## About this task
In your copy, include every line of the records exactly and no picture at all.

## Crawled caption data
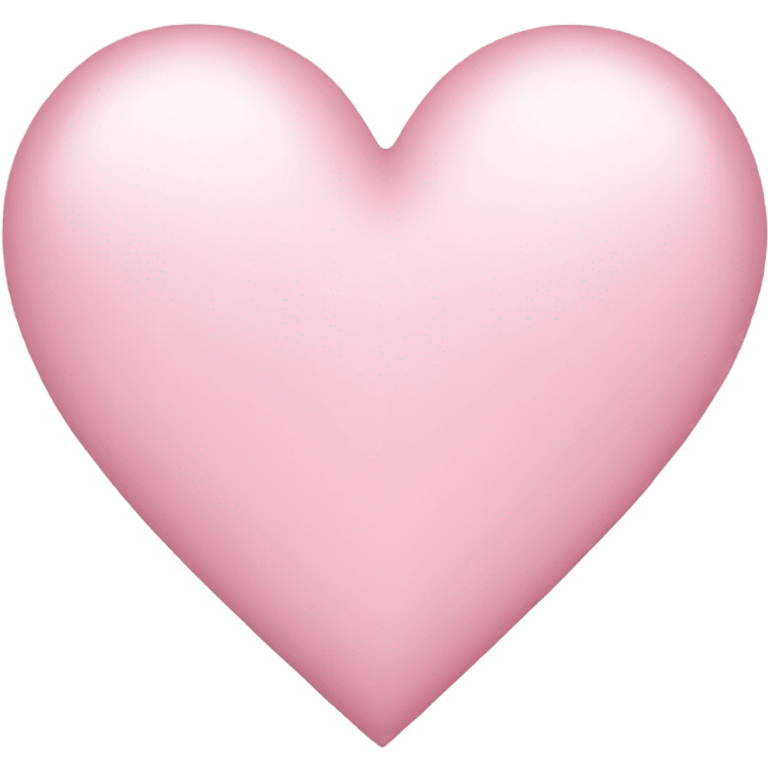 Light pink heart emoji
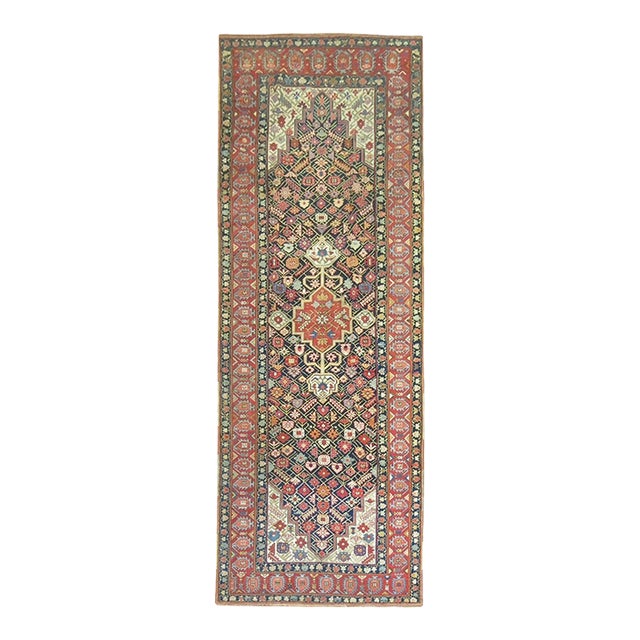 19th Century Zabihi Collection Geometric Karabagh Runner - 4'6" x 12'7" For Sale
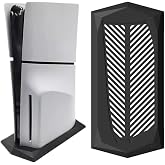 Chenkxin Vertical Stand for PS5 Slim Disc Edition Console with Built-in Cooling Vents and Non-Slip Feet, Not for PS5/PS5 Pro (Black)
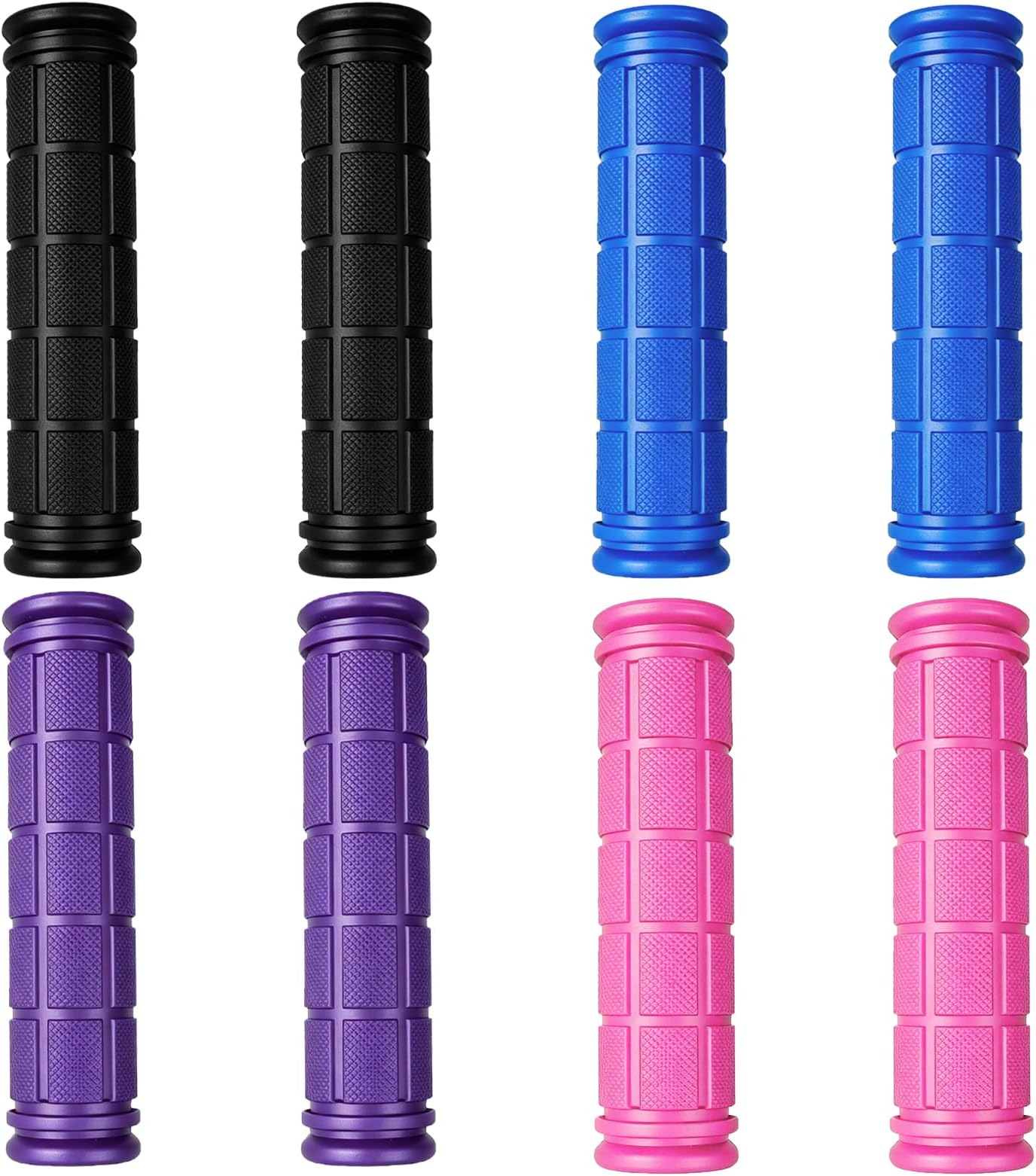 4 Pairs Bicycle Handle Bar Grips Mushroom Grips for BMX/MTB/Road Mountain Bikes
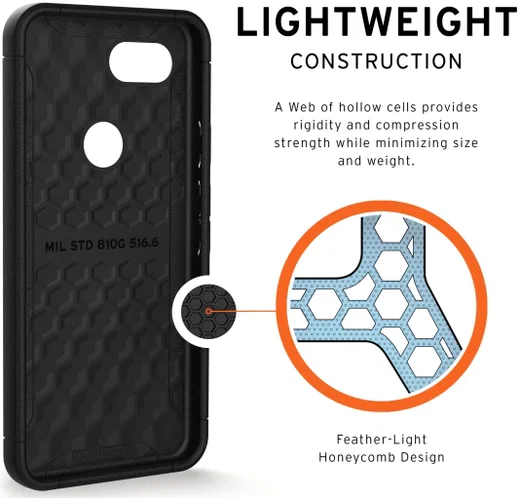 Urban Armor Gear Scout Series Google Pixel 3A Hoesje Zwart afbeelding 7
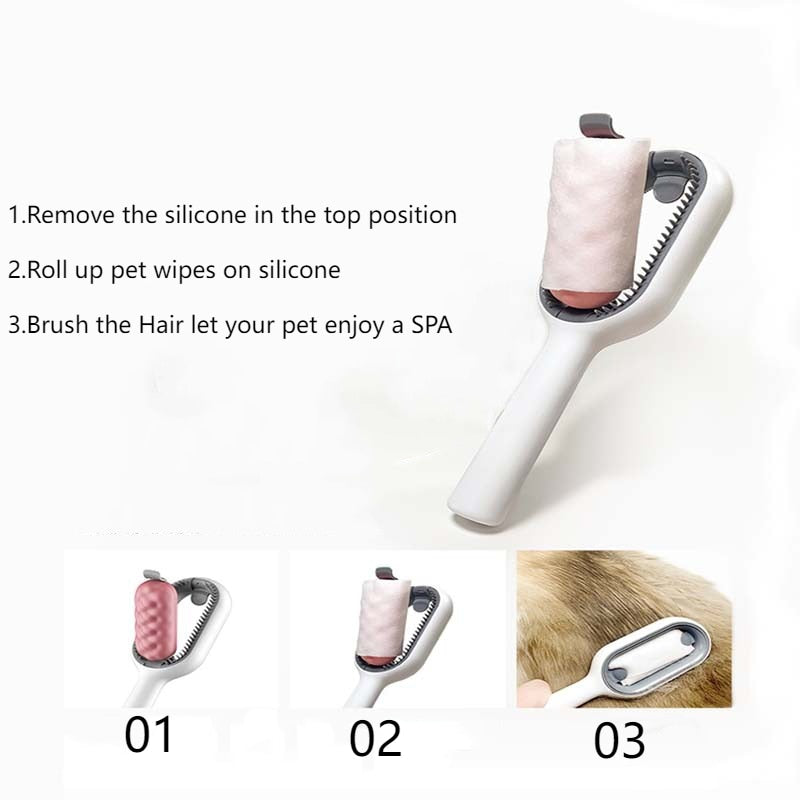 Gravity Pet Cleaning Hair Removal Comb Sticky Hair Device Cat Comb Dog To Go Floating Hair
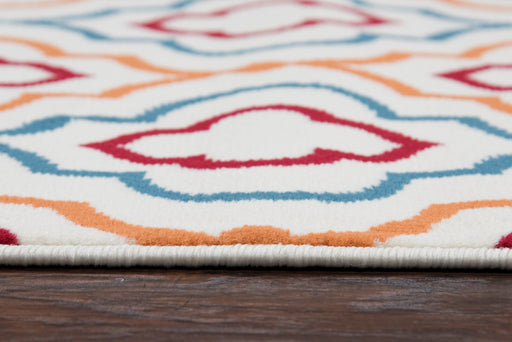 Rizzy Home Glendale GD5947 Multi-Colored Trellis Area Rug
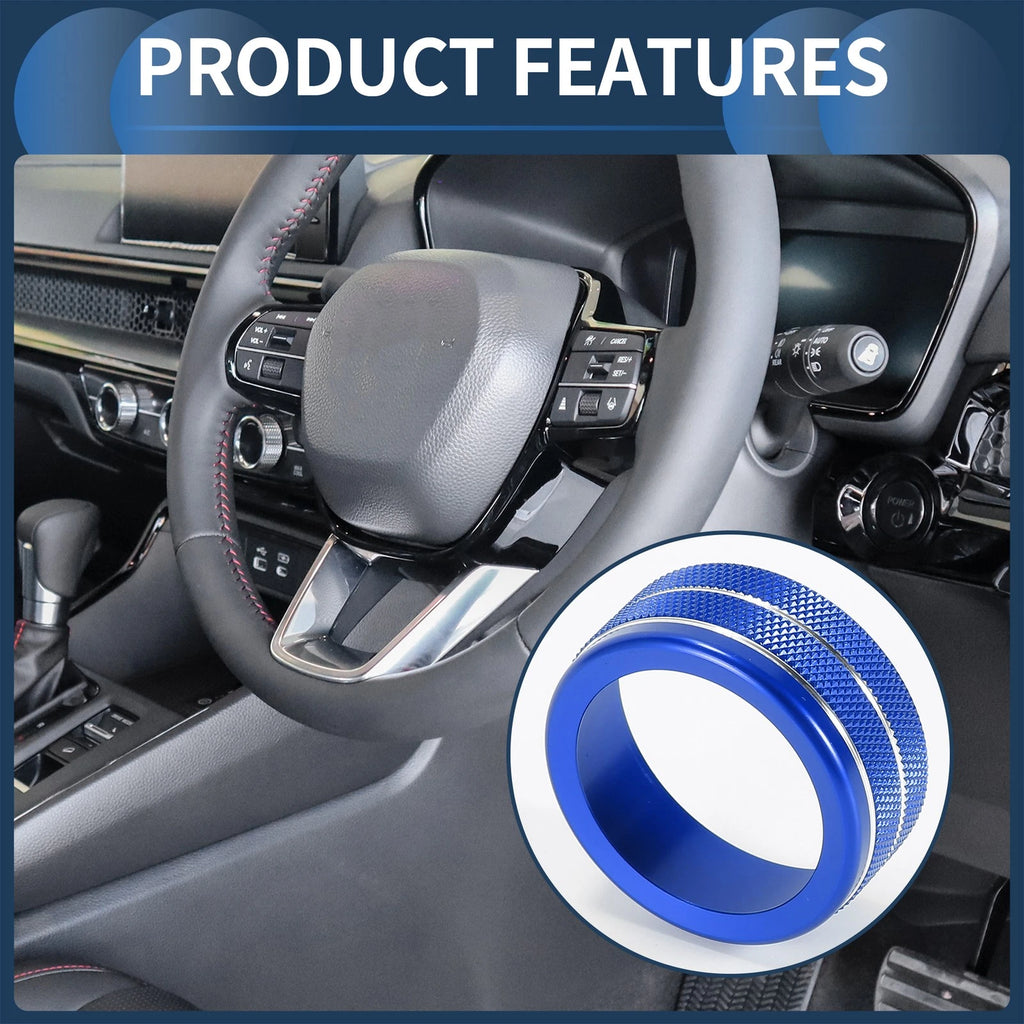AC Media Volume Switch Knob Cover Ring Replacement for Honda CR-V (2023–2024)
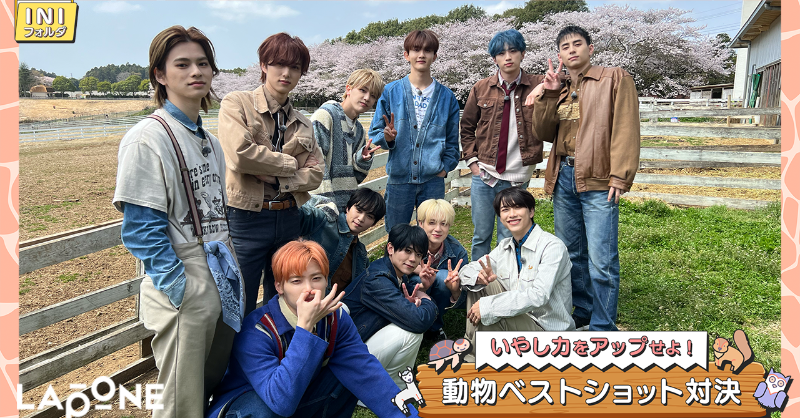 official__INI's tweet photo. [🎞]YouTube UP!!!

[INIフォルダ📁] EP.17
動物ベストショット対決🐑 〜前編〜
(https://t.co/yttBHUK2p4)

#INI #INIフォルダ #INI_Folder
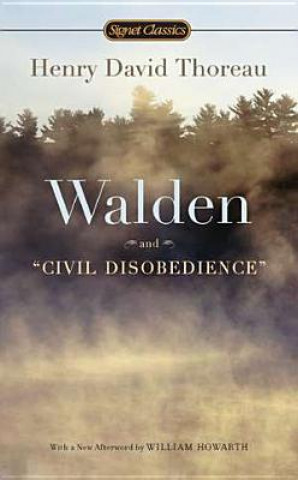 Book Walden And Civil Disobedience Henry David Thoreau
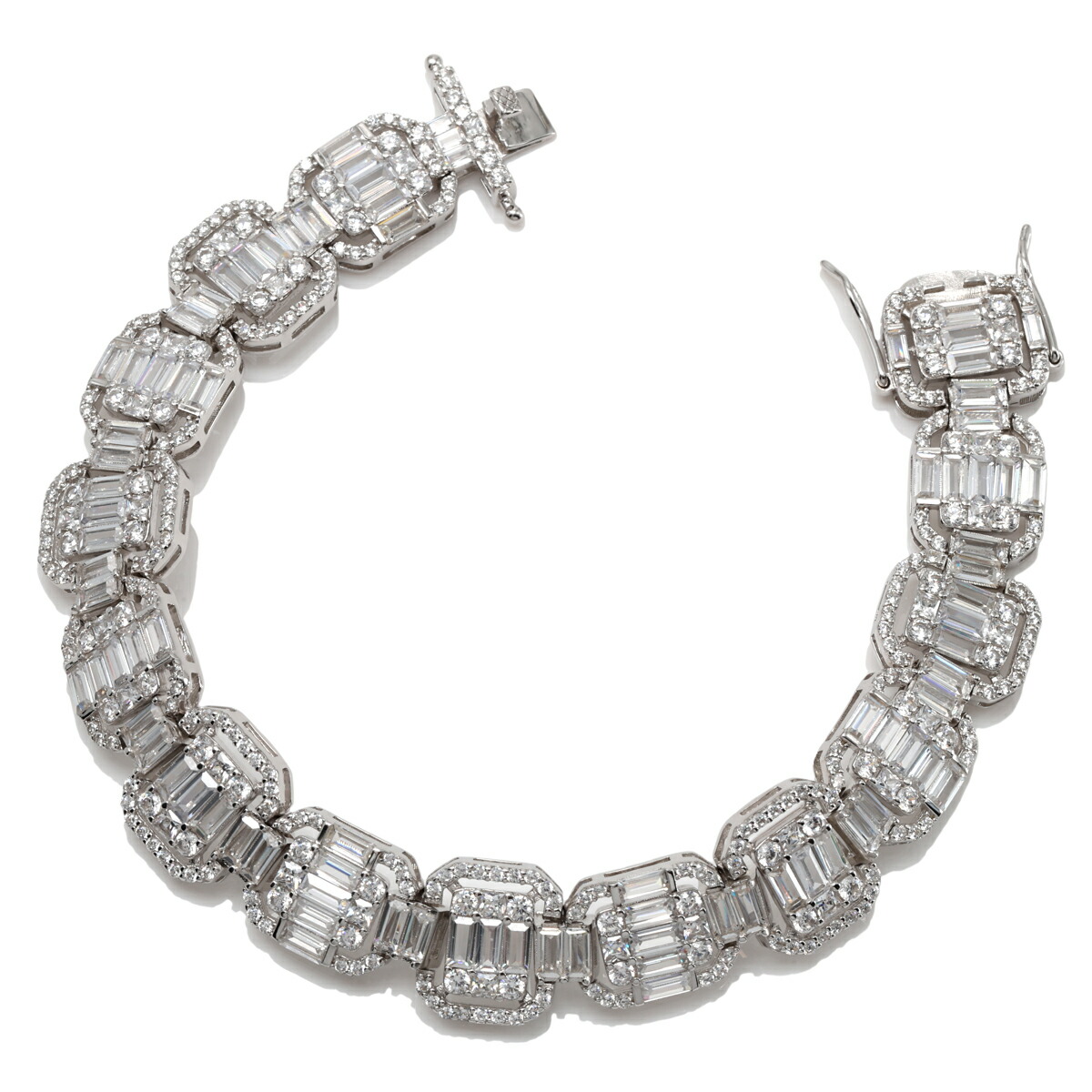シルバー ブレスレット 幅13mm 19cm AHB-24001 SJ26|AVALANCHE GOLD&JEWELRY
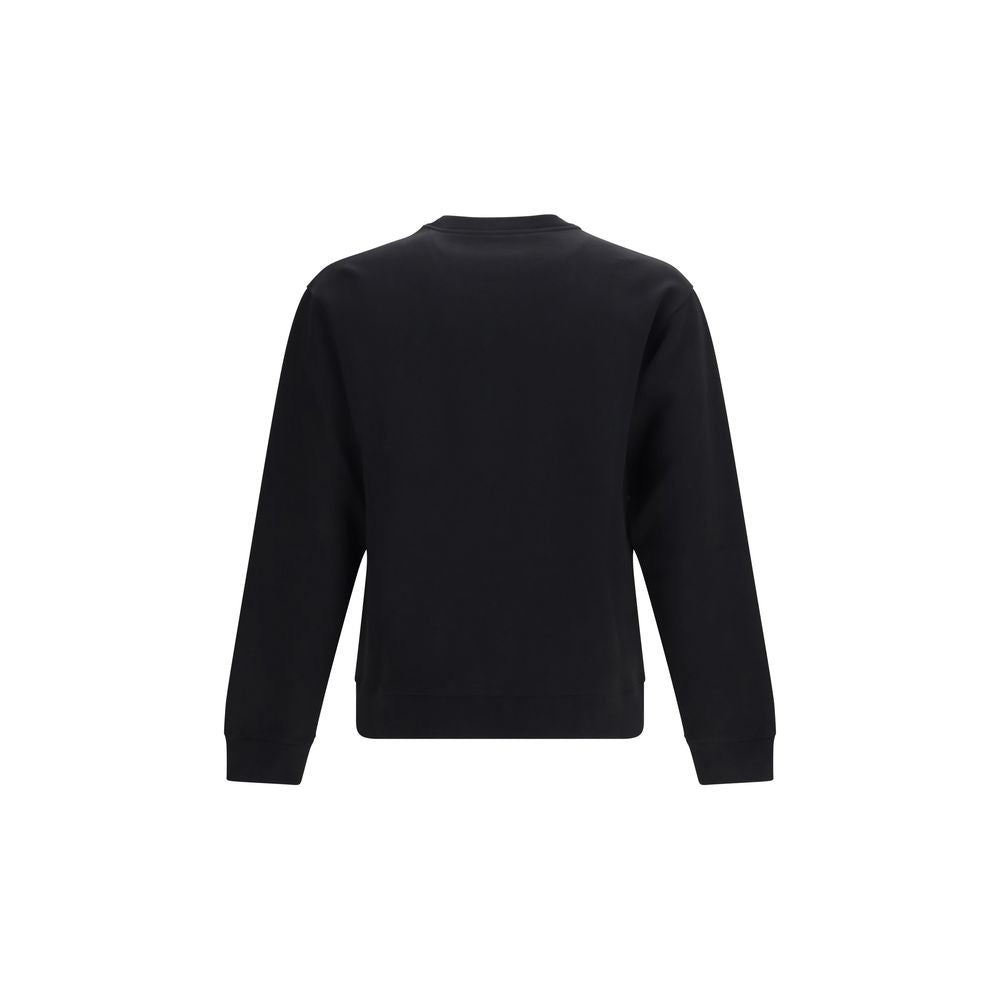 Valentino Garavani Black Cotton Sweatshirt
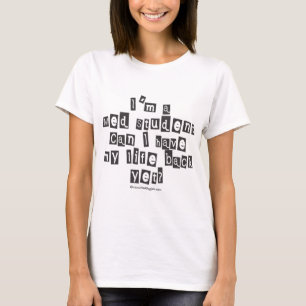 Med-studentransomen noterar t-shirt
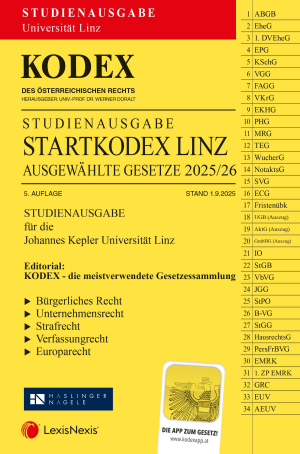 Kodex Startkodex Linz 2025/26 Studienausgabe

## Response for this exercise
 Light pink heart emoji
 19th Century Zabihi Collection Geometric Karabagh Runner - 4'6" x 12'7" For Sale
 Chenkxin Vertical Stand for PS5 Slim Disc Edition Console with Built-in Cooling Vents and Non-Slip Feet, Not for PS5/PS5 Pro (Black)
 4 Pairs Bicycle Handle Bar Grips Mushroom Grips for BMX/MTB/Road Mountain Bikes
 Urban Armor Gear Scout Series Google Pixel 3A Hoesje Zwart afbeelding 7
 Gravity Pet Cleaning Hair Removal Comb Sticky Hair Device Cat Comb Dog To Go Floating Hair
 Rizzy Home Glendale GD5947 Multi-Colored Trellis Area Rug
AC Media Volume Switch Knob Cover Ring Replacement for Honda CR-V (2023–2024)
 official__INI's tweet photo. [🎞]YouTube UP!!!

[INIフォルダ📁] EP.17
動物ベストショット対決🐑 〜前編〜
(https://t.co/yttBHUK2p4)

#INI #INIフォルダ #INI_Folder
 Book Walden And Civil Disobedience Henry David Thoreau
シルバー ブレスレット 幅13mm 19cm AHB-24001 SJ26|AVALANCHE GOLD&JEWELRY
 Valentino Garavani Black Cotton Sweatshirt
 Med-studentransomen noterar t-shirt
 Kodex Startkodex Linz 2025/26 Studienausgabe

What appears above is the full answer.